魔力だけが目当てとか、条件が合うからじゃなくて、ちゃんと相思相愛で、ちゃんと恋愛感情を持って、魔力だけじゃなくて中身も素敵で例え魔力がまずくても結婚したい、この人の子供を産みたいと思う相手じゃないと嫌だ。
だから、まだこれは恋なんかじゃない。
ナディアは心臓を落ち着かせるようつとめる。まだだ。正直これから恋が始まっていく可能性しか感じないけど、でもまだ、ナディアはそこまで安い女じゃない! 一目惚れなんてしない!
それに、確かに悪いことをしているのだ。すぐに恋だのなんだと浮かれるのはよくない。と思うのに、ヴァイオレットはそれもそんな気にしないでとか言ってくれる優しい好き! あ、いやいや。まだまだ。そんな。
幸い、ヴァイオレットもそのつもりのようで、ゆっくりでいいとは言ってくれてはいる。でも可愛いとか言って、家族になりたいとちゃんと告白はしてきた。
正直殆ど反射的に、こんな魔力の持ち主に求められるとかめちゃくちゃ嬉しい! と思ってしまうけど、だけどこんなに軽く告白してくるなんて、誰でもいいんじゃないの? なんて気持ちにもなった。
まあ、でも、悪い気はしないし、まずは贖罪をすべきだし。とりあえずは、結婚とか置いといて、この街に、そしてヴァイオレットになじみ、そしてよく知るところから始めなければならない。
そんな風に思っていたのに、全然、ヴァイオレットはぐいぐい来る。可愛いとか普通にべた褒めしてくるし、言動のいちいちが積極的に過ぎると言いたい。もちろん、限度は超えてないけど、それでも、仲良くなりたい感半端ない。
そうでなくても、食事の時点でめちゃくちゃ美味しすぎて気絶するかと思ったくらいで、もうこのまま流されて今すぐ結婚したいと決断しかけた。ずるすぎる。魔力が魅力的すぎてもう反則だろう、これは。
中身を、中身を見極めないと。まだ恋とは言えない。とは考えているのだけど、少なくとも今日一日の行動全部凄い好き。
まず、全体的に優しくて紳士的で、ナディアにけして無理強いしないけど、そっと誘導してくる感じとかリードしてくれてるみたいでとても接しやすい。あ、あと魔力さえあれば野宿生活でも特に困らないエルフ的にはそれほど重要視していないけど、立派なお仕事をしているようで生活も裕福のようだ。
そしてなにより、エルフ的にめちゃくちゃ重要な魔力は百点満点、超えて億点満点といってもいい。すぐ惚れそうでやばい。
でも、ちょっとまって欲しい。まだ会ったばっかりだ。だいたい考えてみても欲しい。
相手のヴァイオレットは50歳なのだ。なんの種族か聞いていないけど、長寿種族なのだからエルフ基準で考えていいだろう。つまり、ちょうどいい結婚適齢期。仕事も恋も色んな事を経験済みで一人前の大人だ。
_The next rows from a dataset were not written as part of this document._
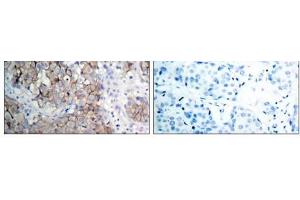Immunohistochemical analysis of paraffin- embedded human breast carcinoma tissue using IGF-1R (phospho-Tyr1161) antibody (E011087). (IGF1R anticorps  (pTyr1161))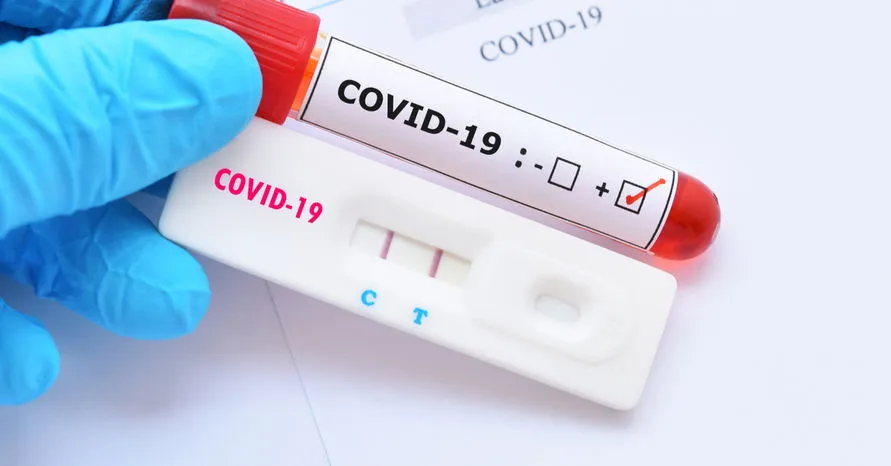 Ivaiporã contabiliza mais um caso de coronavírus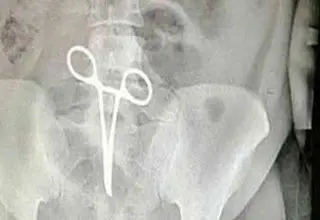 پنس جامانده در شکم مرد جوان، جان او را گرفت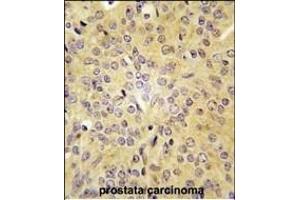 Formalin-fixed and paraffin-embedded human prostata carcinoma tissue reacted with LARS antibody (C-term) (ABIN391611 and ABIN2841532) , which was peroxidase-conjugated to the secondary antibody, followed by DAB staining. (LARS antibody  (C-Term))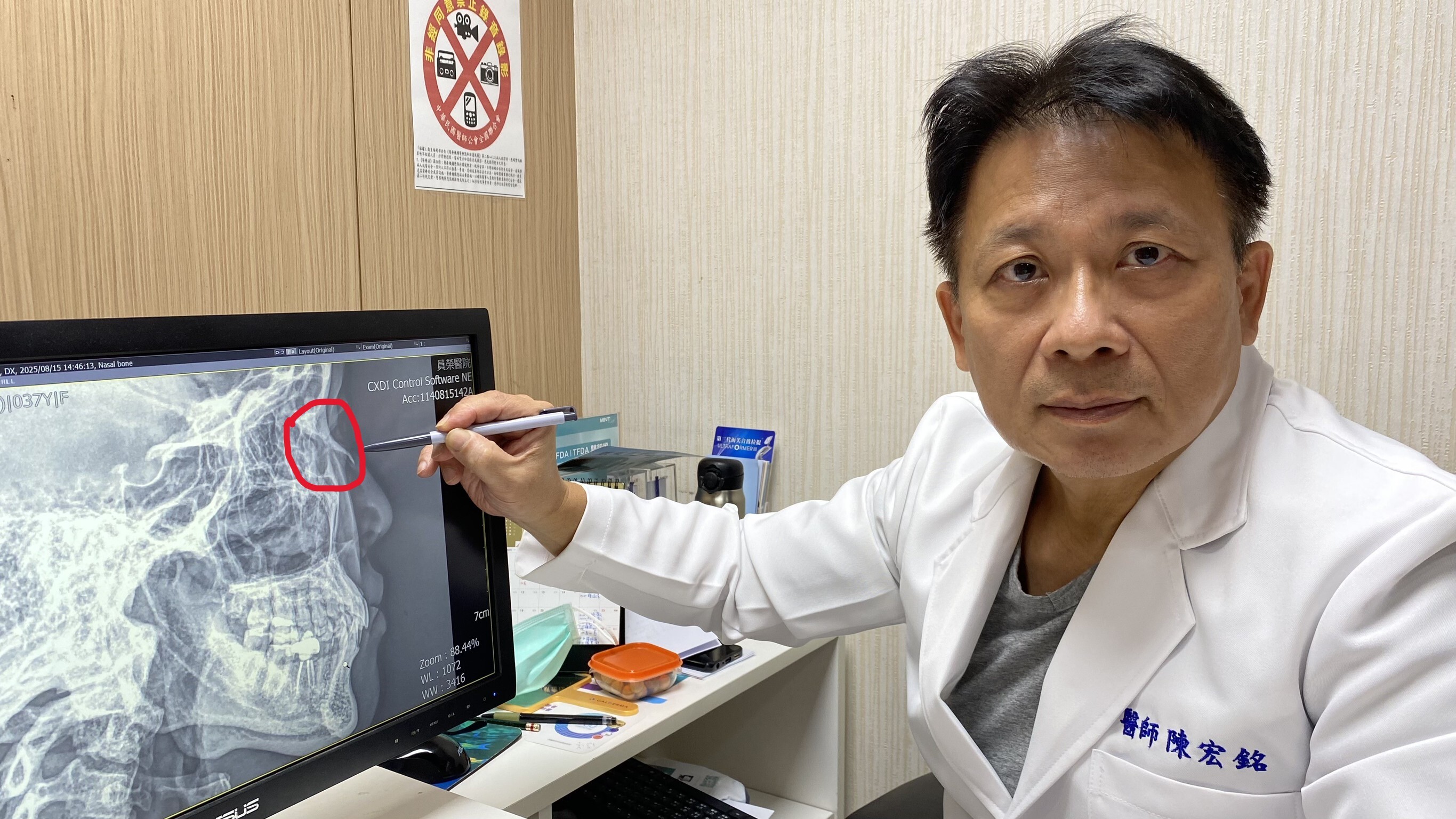 二歲兒往媽媽鼻子一撞「鼻骨斷了」　醫：顏面骨折恐影響咀嚼、視力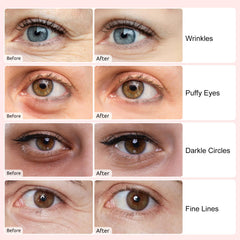 Adofect under eye patches blue pack for firmer, smoother eye area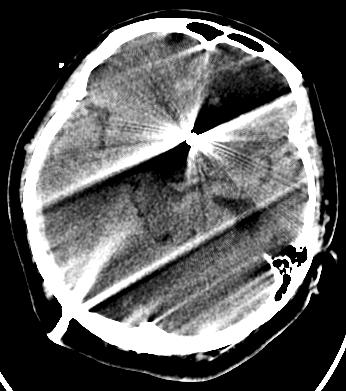 First row: FBP image (curved planar reformat) shows left hydroureteronephrosis.
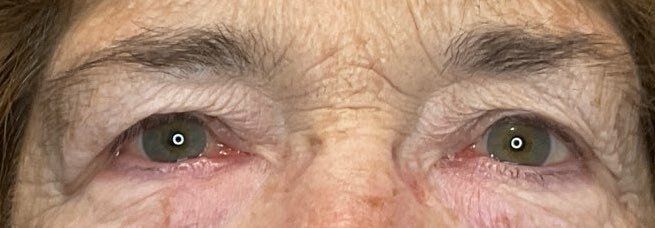 after eyelid surgery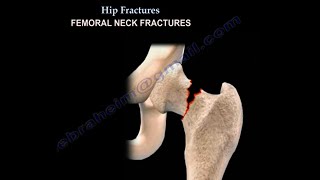 Hip Fractures Types ,Clification And Treatment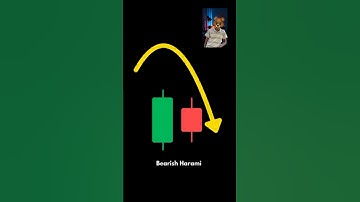 "Top 5 Chart Patterns Every Trader Misses 😱 | Secret Pattern That Works 90% Times | Day 13 Trading"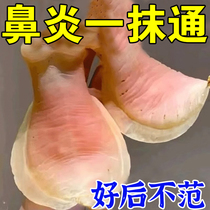 Special cream for root removal of allergic rhinitis special cream for sneezing and stuffy nose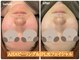 エステ イン アンヌドゥールの写真
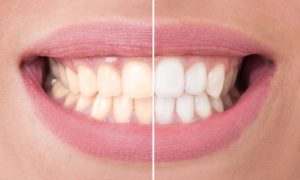 Annapolis Dental Care cosmetic dentist in Bay Ridge Junction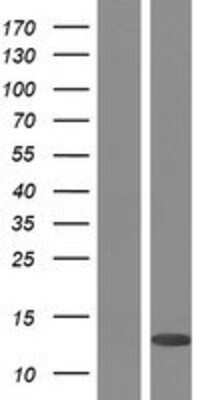 Western Blot: PLAC8 Overexpression Lysate [NBP2-07008]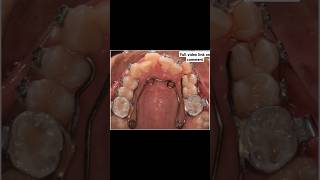 Six Months Result by Quad Helix Appliance @DentCareNepal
未成年のおぼこいエルフ一人、手玉に取るなんて訳もないだろう。
つまりこれはいま、試されているのだ。酸いも甘いも噛み分けたヴァイオレットの手練手管に簡単に乗ってしまっては駄目だ。もっとちゃんと、素のヴァイオレット、というか、なんというか、とにかくもっと見極めないと、一目惚れなんて認めないんだから!
とナディアは自身に言い聞かせているが、長かった今日が終わりに近づき気が抜けてしまった。
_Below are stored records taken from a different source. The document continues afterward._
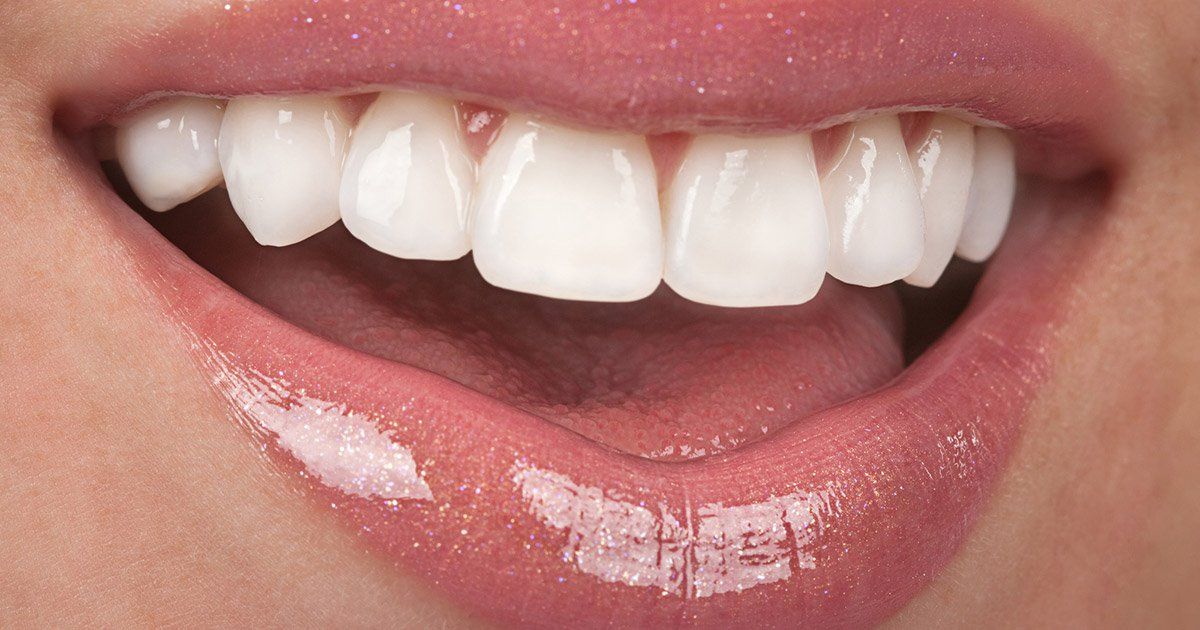 Ultimate Guide to Dental Bonding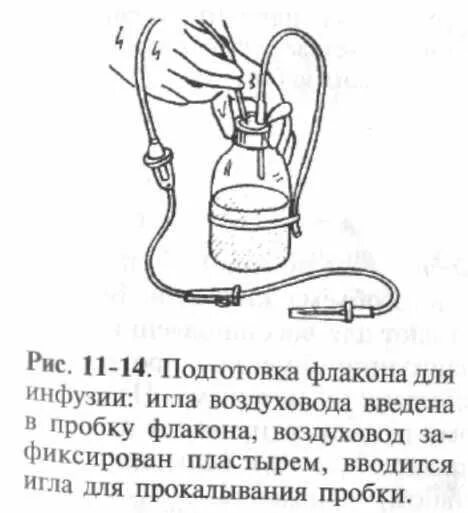 Воздуховод в системе для внутривенных капельных вливаний. Воздуховодная трубка в системе для внутривенных капельных вливаний. Заполнение системы для внутривенного вливания. Подготовка системы для внутривенного вливания.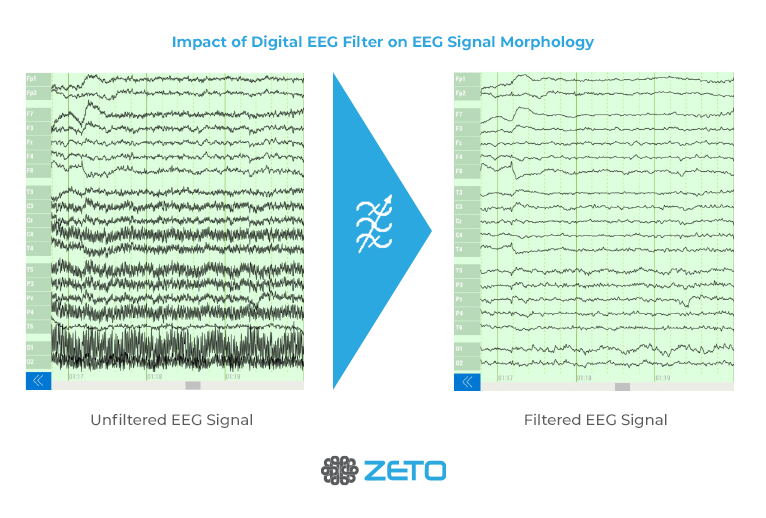 How Digital EEG Filters Impact EEG Signal Morphology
最後の最後に、ヴァイオレットのお風呂上りの姿を見て、めちゃくちゃ色っぽくてめちゃくちゃドキドキしてしまった!!
そんな、一目惚れするような安いエルフじゃないのに。うー、悔しい。相手は大人なんだから、ナディアなんか簡単にドキドキさせてしまうんだ。悔しい。
ヴァイオレットにとって、ナディアはどんな存在だろう。あれだけ、迫っているのだ。当然悪くは思っていないし、結婚したいと思っているのだろう。
だけど、初対面だ。何よりナディアは家出食い逃げ娘なのだ。いい印象の訳がない。あ、泣きたくなってきた。
でもだって、そうではないか。ちょうどいい、都合がいいし、悪くないから、結婚相手として見てくれているのに、ナディアは一人だけ一目ぼれして舞い上がっているなんて。悔しすぎる。なにより、そんな風に思うのに、それでも偶々偶然、ちょうどいいからだけでも、結婚相手として選んでもらえていることが、嬉しいと思ってしまっている。
それが何より、悔しい。ナディアは、これが恋なんて認めない。もっと、ヴァイオレットのことを知って、そしてもっとナディアのことを知ってもらって、そしてナディアに夢中になってもらわないと、これが恋だなんて認めないんだから!
ナディアはそう心に決めて、とにかく眠らなきゃと、寝具の中でごろごろしていたが、何度もヴァイオレットの姿が浮かんでしまって、なかなか寝付けなかった。